The Indians' bullpen was their most vulnerable contingent against the Astros, with Andrew Miller worn down by injuries since his surrealistic 2016 postseason and one after another bull breaking down little by little by the time they won an American League Central that wasn't exactly a powerhouse to begin with. They were forced to ride Bauer, converted from starting for October, after returning from an August injury. When he saved their season-ender with 6 shutdown relief innings the Indians may have thought they solved one major issue.

And with the Tribe holding a 2-1 lead thanks to Francisco Lindor's tie-breaking home run off Astros Game 3 starter Dallas Keuchel in the fifth, Bauer had a near-spotless sixth and went to work in the seventh. Right out of the chute, he got himself into hot water when trying to pick off Tony Kemp, who'd singled. The throw went wild enough to hop the photographer's pit and Kemp took second. Then George Springer — whose homer off starter Mike Clevenger tied the Astros for the most consecutive postseason games hitting home runs — dribbled one in front of the plate that eluded Indians catcher Yan Gomes, sending Kemp to third.

Jose Altuve sent Kemp home with the tying run while forcing Springer at second. Alex Bregman, dangerous enough at the plate, bounced one right back to Bauer. Bauer turned to go for Altuve and hopefully start a double play, but the throw went far off line and both runners were safe. And, after Bauer walked Yuli Gurriel, Marwin Gonzalez broke the tie with a 2-run double to left. This seems to be Gonzalez's metier these days — his double also broke a Game 2 tie on Saturday.

Bauer is normally a pitcher who fields his position competently. He committed only 5 errors in his career before entering this postseason.

From there, the Astros were fast, loose, and merciless with the Indians' bullpen. Miller relieved Bauer and escaped with a walk and a fly-out and Cody Allen ended it with a strikeout.

But Springer with one out in the eighth hit his second homer of the day, making him the Astros's franchise leader for postseason bombs, and Allen was finished after an Altuve double, an intentional walk to Bregman, a wild pitch, and another intentional walk, this time to Gurriel. Brad Hand came in and surrendered an RBI single to Gonzalez before striking out Gattis. But he wild-pitched Bregman home with Carlos Correa at the plate, then fed Correa a pitch up just enough for Correa to send over the right field wall.

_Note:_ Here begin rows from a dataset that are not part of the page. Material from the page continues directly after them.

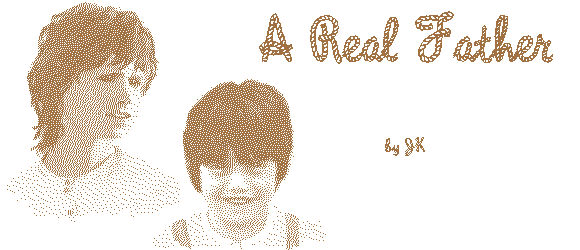 A REAL FATHER by JK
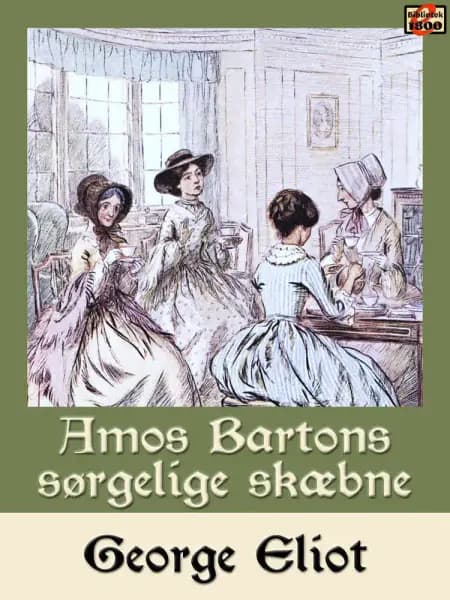 Amos Bartons sørgelige skæbne af George Eliot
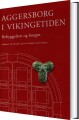 Aggersborg I Vikingetiden - 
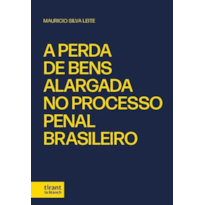 A PERDA DE BENS ALARGADA NO PROCESSO PENAL BRASILEIRO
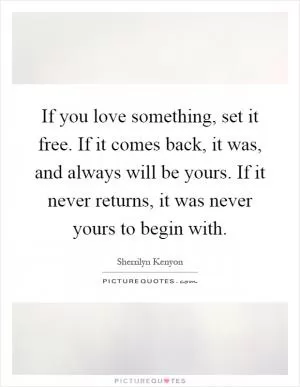 If you love something, set it free. If it comes back, it was, and always will be yours. If it never returns, it was never yours to begin with Picture Quote #1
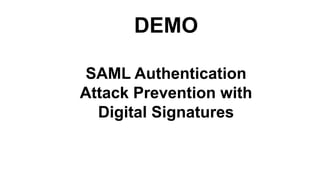 DEMO
SAML Authentication
Attack Prevention with
Digital Signatures
 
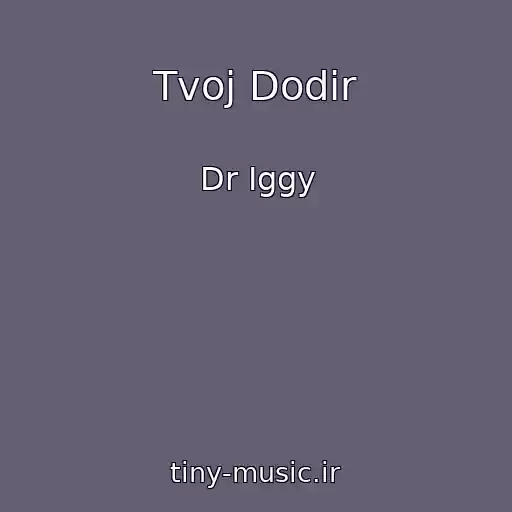 کاور آهنگ Tvoj Dodir از Dr Iggy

At 10-2, all that remained for the Indians was their final burial. Bregman hammered the coffin's last nail in with a ninth-inning RBI single. The Indians managed their third run in the bottom when Houston reliever Will Harris wild-pitched Edwin Encarnacion home, but it felt like little more than a consolation prize. Especially from an Astros team that played all set long as though the distance between last year's World Series triumph and this postseason was no wider than that needed to cross a small town street. The Indians didn't help themselves at the plate even allowing for Justin Verlander and Gerrit Cole manhandling them in the first two games. Their top five hitters — Lindor, Michael Brantley, Jose Ramirez, Edwin Encarnacion, and Josh Donaldson — hit .157 together and struck out a combined 13 times.

And these Indians, too, though they changed little in personnel from their 2016 World Series team, face a winter of possible departures. Miller and Allen face free agency, to name two. There could be other changes, as well.

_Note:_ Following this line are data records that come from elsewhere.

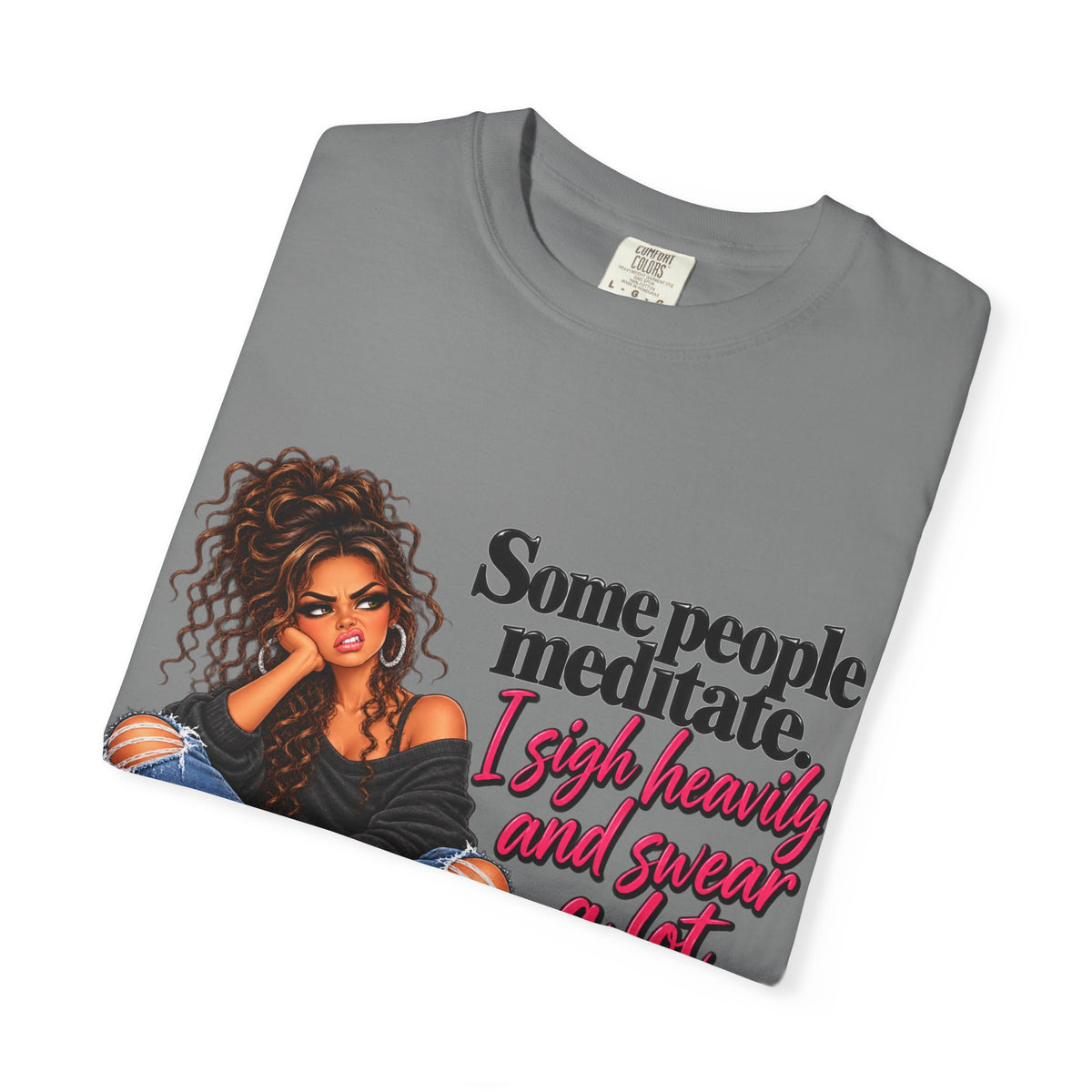 T-Shirt — "Some People Meditate, I Sigh Heavily and Squeal a Lot" Graphic Tee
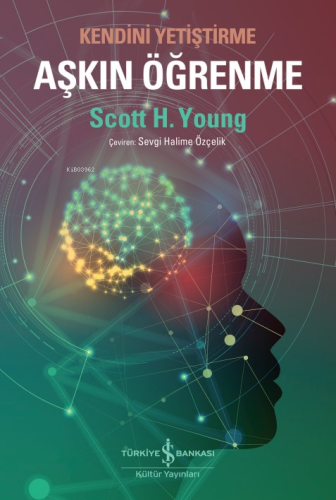 Aşkın Öğrenme – Kendini Yetiştirme | Scott H. Young | Türkiye İş Banka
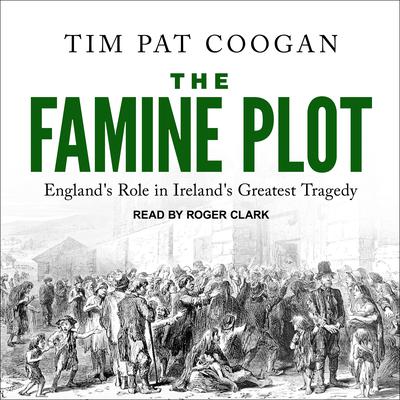 The Famine Plot: England's Role in Ireland's Greatest Tragedy Audiobook, by 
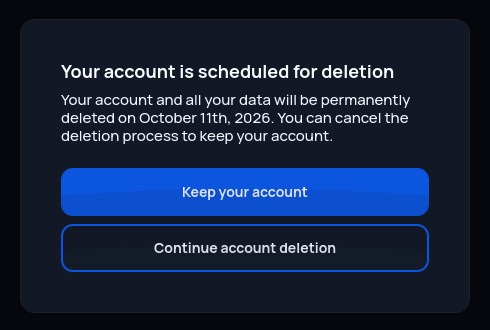 Dialog headed 'Your account is scheduled for deletion', saying the account and all its data will be permanently deleted on a given date and that the deletion process can be cancelled, with 'Keep your account' and 'Continue account deletion' buttons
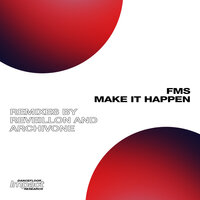Make It Happen - FMS & ArchivOne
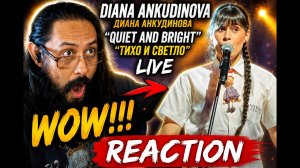 Reactint to Diana Ankudinova | ( Диана Анкудинова ) | «Quiet and Bright» - | ТИХО И СВЕТЛО | Live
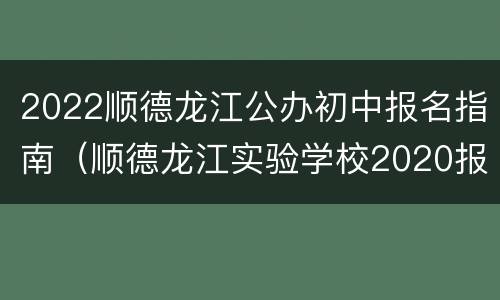 2022顺德龙江公办初中报名指南（顺德龙江实验学校2020报名）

The Rockies and their fans should no further blame Oberg for the final defeat than the Indians and their fans should blame Bauer. Nobody told either team that it was ok for their bats to turn to balsa. But both men will surely be haunted for their mid-game catastrophes, even if they know in their guts that their teams' early winter vacations weren't really their fault. That won't stop fans from hanging goat horns upon their heads, foolishly enough, but it may enable both Oberg and Bauer to rest a little easier.